According to a release on the US Treasury website, the analysis done by S&P on the US credit rating contained a material error where the agency had inflated US deficits by $2 trillion due to a simple arithmetic mistake.

The Treasury stated that the S&P had originally downgraded the US on the primary basis that debt/GDP was projected to increase rapidly. However, in their corrected estimates, S&P's estimate of debt/GDP was significantly lowered, meaning their primary rationale for the downgrade contained flaws. While S&P acknowledged their mistake to the Treasury on Friday and publicly on Saturday, they simply removed a significant section of their report (part of their primary rationale) and reiterated their decision of downgrading the US without taking any time to re-evaluate their analysis. We believe this certainly raises some questions regarding the credibility and integrity of S&P and also the validity of their analysis.

For more details, visit the release on the US Treasury site.

Further Thoughts on the Downgrade

The impact of the US credit rating downgrade on the US Treasury market is likely very small as it is unlikely institutional investors will sell Treasuries given there is no other good place for them to put their money. Furthermore, credit ratings do not embody actual risk; the investors are the ones who should assess credit worthiness.

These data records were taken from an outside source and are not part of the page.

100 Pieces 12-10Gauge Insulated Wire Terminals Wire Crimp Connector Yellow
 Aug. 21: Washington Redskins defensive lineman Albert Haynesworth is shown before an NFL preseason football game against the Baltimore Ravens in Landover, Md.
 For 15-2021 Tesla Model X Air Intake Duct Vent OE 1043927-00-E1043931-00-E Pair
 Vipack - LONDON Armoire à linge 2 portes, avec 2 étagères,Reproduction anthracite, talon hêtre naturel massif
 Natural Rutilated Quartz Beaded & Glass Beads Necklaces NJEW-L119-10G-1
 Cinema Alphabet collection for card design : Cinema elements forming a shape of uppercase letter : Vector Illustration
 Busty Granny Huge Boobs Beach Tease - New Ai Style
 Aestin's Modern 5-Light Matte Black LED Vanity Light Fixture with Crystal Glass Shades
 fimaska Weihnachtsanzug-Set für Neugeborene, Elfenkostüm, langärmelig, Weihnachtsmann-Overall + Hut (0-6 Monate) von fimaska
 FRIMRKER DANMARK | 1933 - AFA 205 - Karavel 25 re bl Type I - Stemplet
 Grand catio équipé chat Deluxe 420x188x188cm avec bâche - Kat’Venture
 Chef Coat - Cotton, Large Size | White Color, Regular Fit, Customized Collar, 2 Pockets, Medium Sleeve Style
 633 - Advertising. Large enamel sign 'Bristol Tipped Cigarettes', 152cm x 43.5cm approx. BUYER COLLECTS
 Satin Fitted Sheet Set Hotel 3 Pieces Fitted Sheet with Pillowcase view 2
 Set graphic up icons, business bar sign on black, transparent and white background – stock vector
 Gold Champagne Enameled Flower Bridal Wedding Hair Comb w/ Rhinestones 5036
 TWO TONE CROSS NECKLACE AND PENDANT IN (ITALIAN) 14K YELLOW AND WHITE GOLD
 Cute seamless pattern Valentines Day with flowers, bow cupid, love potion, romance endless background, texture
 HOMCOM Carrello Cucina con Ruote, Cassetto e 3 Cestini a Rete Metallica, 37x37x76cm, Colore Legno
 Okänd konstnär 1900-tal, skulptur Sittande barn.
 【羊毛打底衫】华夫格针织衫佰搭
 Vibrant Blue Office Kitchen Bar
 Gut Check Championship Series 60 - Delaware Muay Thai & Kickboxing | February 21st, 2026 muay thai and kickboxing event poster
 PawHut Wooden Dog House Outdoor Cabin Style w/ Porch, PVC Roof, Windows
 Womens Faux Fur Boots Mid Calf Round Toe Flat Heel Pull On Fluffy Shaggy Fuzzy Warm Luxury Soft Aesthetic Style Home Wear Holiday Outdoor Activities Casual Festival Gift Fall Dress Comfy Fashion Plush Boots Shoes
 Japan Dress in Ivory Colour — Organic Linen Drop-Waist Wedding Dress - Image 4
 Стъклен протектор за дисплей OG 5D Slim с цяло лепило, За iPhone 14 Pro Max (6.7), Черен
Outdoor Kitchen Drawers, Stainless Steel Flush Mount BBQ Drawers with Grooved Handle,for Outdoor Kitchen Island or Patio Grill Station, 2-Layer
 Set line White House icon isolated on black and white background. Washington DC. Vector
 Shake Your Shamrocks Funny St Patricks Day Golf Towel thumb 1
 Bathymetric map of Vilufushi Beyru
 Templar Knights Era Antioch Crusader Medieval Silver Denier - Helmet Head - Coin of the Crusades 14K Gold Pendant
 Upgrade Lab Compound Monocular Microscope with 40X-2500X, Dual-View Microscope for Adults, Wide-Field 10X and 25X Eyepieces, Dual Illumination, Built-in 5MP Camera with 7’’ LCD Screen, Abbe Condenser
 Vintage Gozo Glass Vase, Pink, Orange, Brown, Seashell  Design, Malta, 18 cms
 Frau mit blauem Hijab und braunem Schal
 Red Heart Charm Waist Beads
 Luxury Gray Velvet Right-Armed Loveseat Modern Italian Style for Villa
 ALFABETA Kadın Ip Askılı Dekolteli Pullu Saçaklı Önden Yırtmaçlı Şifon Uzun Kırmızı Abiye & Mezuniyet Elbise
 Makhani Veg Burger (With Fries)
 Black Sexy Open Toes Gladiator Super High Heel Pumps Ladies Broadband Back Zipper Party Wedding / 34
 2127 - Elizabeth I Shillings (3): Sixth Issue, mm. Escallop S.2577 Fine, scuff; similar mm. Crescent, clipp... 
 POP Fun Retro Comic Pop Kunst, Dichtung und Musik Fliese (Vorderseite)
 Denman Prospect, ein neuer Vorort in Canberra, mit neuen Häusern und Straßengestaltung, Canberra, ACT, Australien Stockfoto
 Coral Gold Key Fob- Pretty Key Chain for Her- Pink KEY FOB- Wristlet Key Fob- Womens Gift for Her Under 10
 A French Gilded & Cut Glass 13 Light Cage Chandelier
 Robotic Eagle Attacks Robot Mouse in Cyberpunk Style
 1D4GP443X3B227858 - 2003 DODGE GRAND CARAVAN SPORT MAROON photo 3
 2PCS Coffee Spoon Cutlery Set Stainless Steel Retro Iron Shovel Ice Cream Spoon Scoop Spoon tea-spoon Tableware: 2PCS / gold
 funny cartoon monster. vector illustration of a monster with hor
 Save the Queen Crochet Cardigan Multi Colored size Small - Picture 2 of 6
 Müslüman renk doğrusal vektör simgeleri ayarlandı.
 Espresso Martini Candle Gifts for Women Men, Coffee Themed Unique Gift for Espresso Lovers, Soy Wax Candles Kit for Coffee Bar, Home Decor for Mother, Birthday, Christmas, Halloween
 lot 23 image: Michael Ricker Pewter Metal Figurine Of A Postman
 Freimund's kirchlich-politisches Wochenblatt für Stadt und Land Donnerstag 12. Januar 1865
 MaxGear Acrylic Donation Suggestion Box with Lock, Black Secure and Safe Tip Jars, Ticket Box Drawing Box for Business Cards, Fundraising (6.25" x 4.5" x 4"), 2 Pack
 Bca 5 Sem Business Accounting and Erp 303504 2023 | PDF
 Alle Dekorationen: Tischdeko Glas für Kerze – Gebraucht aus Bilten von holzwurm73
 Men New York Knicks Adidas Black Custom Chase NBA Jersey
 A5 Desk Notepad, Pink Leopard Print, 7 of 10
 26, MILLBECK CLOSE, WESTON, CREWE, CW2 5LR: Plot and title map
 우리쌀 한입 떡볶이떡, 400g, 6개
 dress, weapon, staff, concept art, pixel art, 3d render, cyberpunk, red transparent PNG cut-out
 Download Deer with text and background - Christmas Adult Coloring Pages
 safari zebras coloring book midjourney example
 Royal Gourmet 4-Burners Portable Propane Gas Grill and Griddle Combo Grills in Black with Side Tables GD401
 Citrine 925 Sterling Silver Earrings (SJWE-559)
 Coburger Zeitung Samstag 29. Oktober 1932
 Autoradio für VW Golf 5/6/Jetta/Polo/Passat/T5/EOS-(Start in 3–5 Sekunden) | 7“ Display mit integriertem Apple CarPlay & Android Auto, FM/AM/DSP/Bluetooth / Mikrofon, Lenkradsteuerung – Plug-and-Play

What is more likely is that rationale investors will simply place lower weighting on the credit rating while maintaining their positions in Treasuries given the limited number of safe havens in today's environment.

While the impact to the US may not be significant, there are broader implications to the downgrade. First, the downgrade adds further downside to an already weak equities market and we will likely see further correction in the market as investor sentiment remains poor. Second, the downgrade has investors even more worried about the European debt crisis. The European Financial Stability Facility will not be running until at least next month and even then, it is difficult to tell whether it will be enough to save both Greece and Italy. Investors are also concerned over whether France and the UK will be able to maintain their AAA credit ratings. In light of these concerns, risky assets will remain volatile in the near term, with further sell out to safe havens expected. The recent market correction is largely driven by bearish sentiment and how quickly investors regain confidence remains uncertain. However, we think that this is also a good time to stay on top of the market and look for an opportune time to step in.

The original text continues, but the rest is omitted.